Sixth year into operation and the Dungsam Polymers Limited (DPL) is yet to come out of the red.

However, the company has been able to reduce its loss by a huge margin, from about Nu 20M in 2016 to Nu 6.25M last year.

“The performance in the first quarter of this year is quite good,” DPL’s chief executive officer, Tshering Tenzin, said. “There are signs of improvement and we are expecting to break-even this year.”

The losses are mainly due to depreciation and high finance cost since the company has to pay out its loan.

According to DPL’s audited financial statement, the company suffered a loss of Nu 19.2M in its first year of operation in 2012. The company suffered the biggest loss of Nu 28.1M in 2014.
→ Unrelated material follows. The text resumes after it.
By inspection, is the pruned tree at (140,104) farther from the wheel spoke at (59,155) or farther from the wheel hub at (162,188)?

Since the DPL was established to produce and supply plastic polythene bags for the country’s largest cement plant, Dungsam Cement Corporation Limited (DCCL), the capacity of the former is suppressed by under-performance of the latter.

DPL is supplying 80 percent of its products to DCCL.

Should the cement plant run on full capacity, it would require 83,000 bags a day against DPL’s capacity of 100,000 bags a day.  But when there isn’t absorptive capacity at the cement plant, the polymer plant is forced to limit its production.

However, today, DPL’s total daily production is between 50,000 and 60,000 bags, including those supplied to other customers like Penden Cement, Karma Feed, RSA Pvt. Ltd., BMG Feed, FMCL, Food Corporation of Bhutan, and Army Welfare Project.

This means DPL plant is running at 60 percent of its capacity. Initially, the plant ran at a capacity of 21 percent and for the past few years the factory was operating at less than 50 percent of the total production capacity. This has also resulted in revenue increase from Nu 27M in 2012 to Nu 146M in 2017.

For DPL to break even, it needs to produce 60,000 to 65,000 bags in a day. “Our growth is more or less dependent on DCCL’s sales.  Although we have customers other than DCCL, the impact is very minimal because of small volume,” the CEO said. “Since the profit margin for polymers business is thin by nature, it has to be volume based.”

However, he said that even DCCL’s performance has improved this year compared to earlier years since the production and supply of polymer bags to the cement plant is also increasing.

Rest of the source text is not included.